**REQUIREMENT**
What is needed is an exact copy of the records below, with the pictures left out.

**DATA**
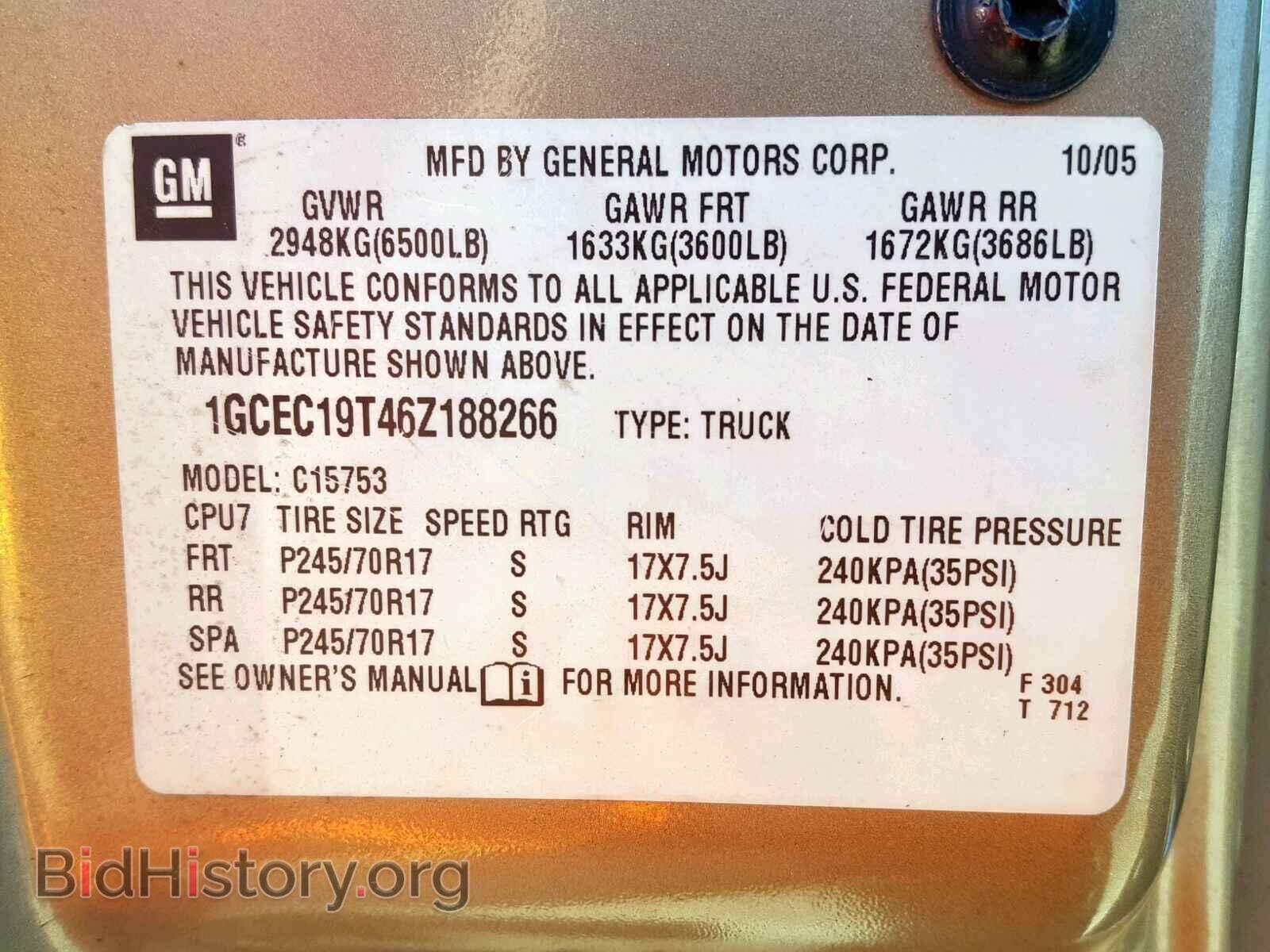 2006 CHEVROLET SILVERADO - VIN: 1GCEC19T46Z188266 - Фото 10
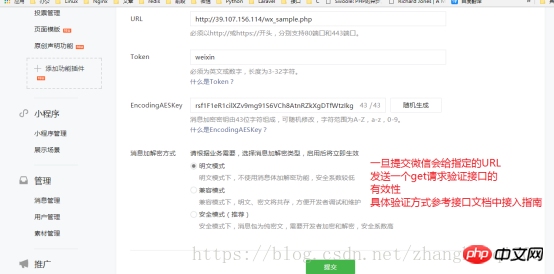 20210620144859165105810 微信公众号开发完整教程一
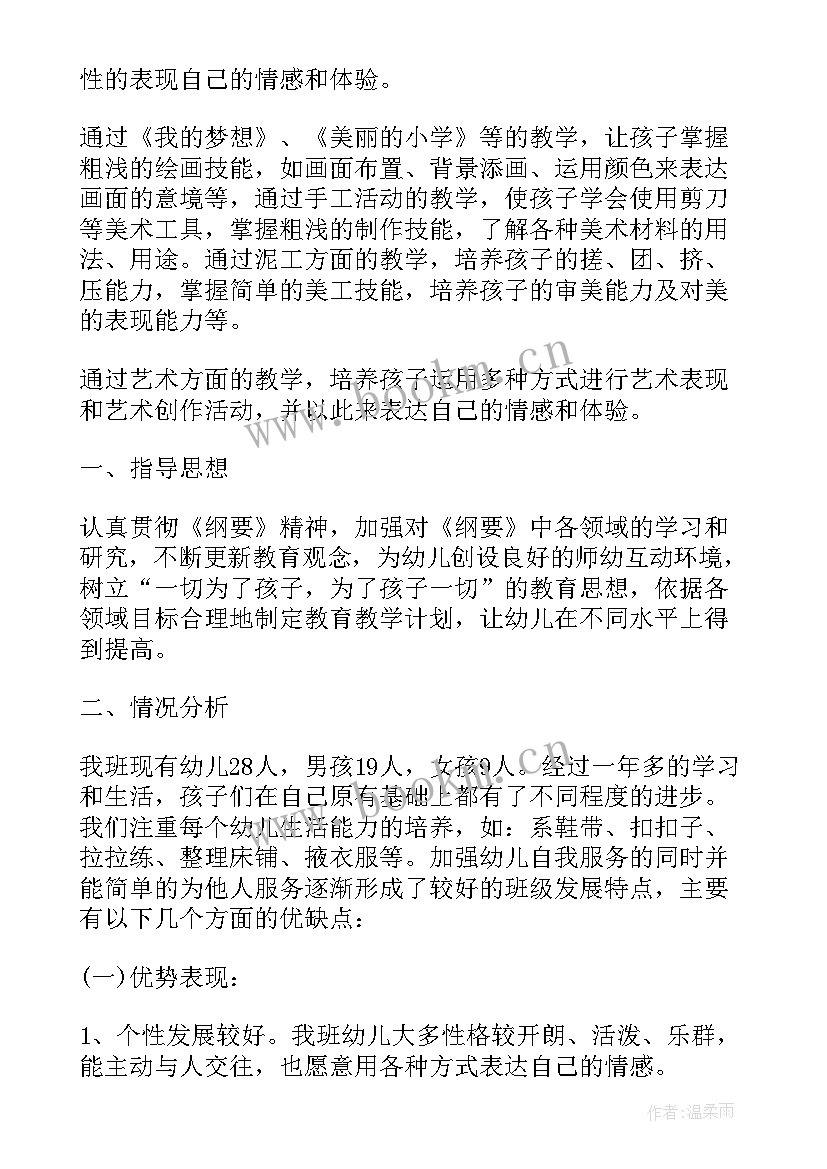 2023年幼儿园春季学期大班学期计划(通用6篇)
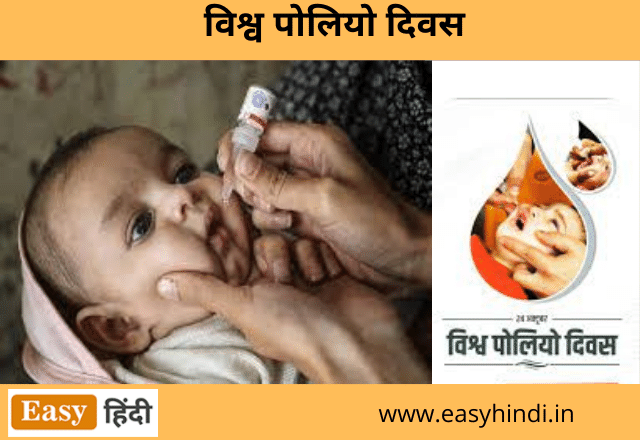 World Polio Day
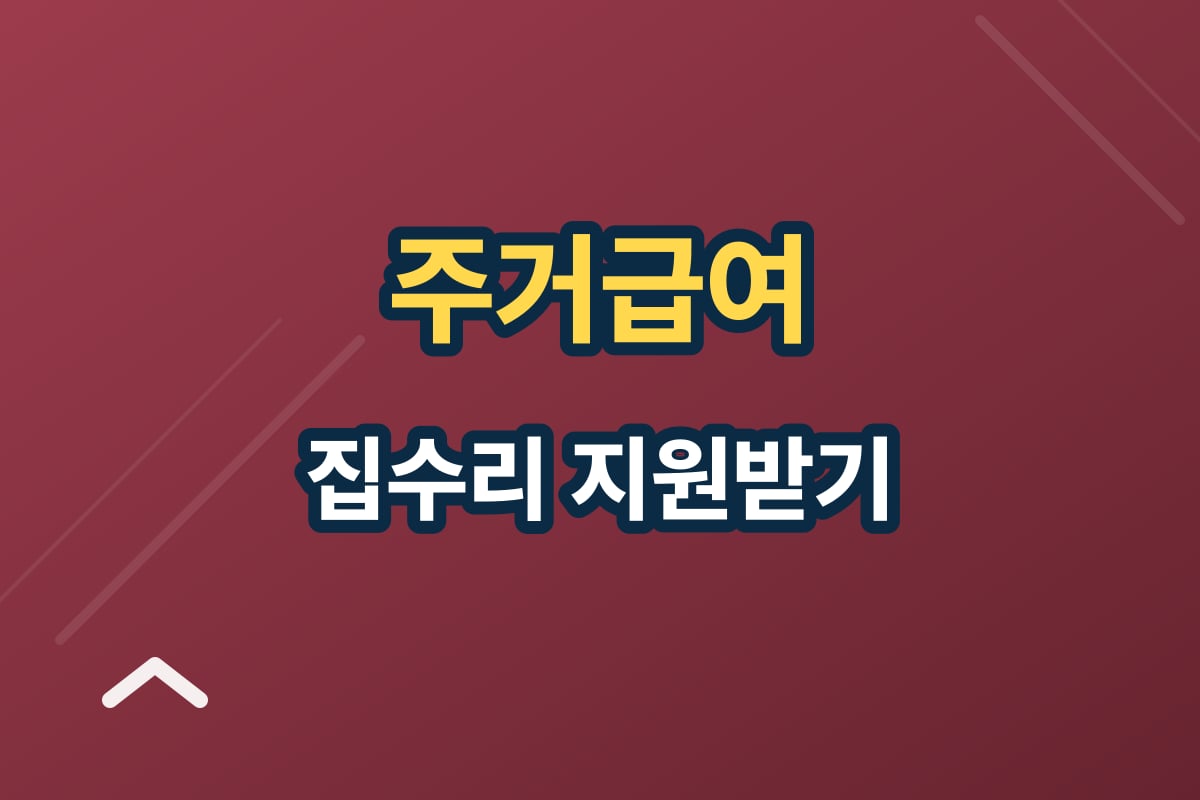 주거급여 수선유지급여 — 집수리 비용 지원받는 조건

**WRITTEN ANSWER**
 2006 CHEVROLET SILVERADO - VIN: 1GCEC19T46Z188266 - Фото 10
 20210620144859165105810 微信公众号开发完整教程一
 2023年幼儿园春季学期大班学期计划(通用6篇)
 World Polio Day
 주거급여 수선유지급여 — 집수리 비용 지원받는 조건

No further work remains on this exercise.